:: DATA ::
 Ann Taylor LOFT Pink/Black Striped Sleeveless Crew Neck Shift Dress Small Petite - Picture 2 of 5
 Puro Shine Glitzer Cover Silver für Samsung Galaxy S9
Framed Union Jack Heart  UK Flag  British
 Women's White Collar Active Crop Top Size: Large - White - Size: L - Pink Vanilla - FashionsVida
--
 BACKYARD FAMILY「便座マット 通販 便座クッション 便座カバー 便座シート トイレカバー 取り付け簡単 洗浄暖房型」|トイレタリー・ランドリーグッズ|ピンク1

:: DESCRIPTION OF THE TASK ::
The expected answer is a copy of each line in the listing above that contains "Pink".

:: EXERCISE ANSWER ::
 Ann Taylor LOFT Pink/Black Striped Sleeveless Crew Neck Shift Dress Small Petite - Picture 2 of 5
 Women's White Collar Active Crop Top Size: Large - White - Size: L - Pink Vanilla - FashionsVida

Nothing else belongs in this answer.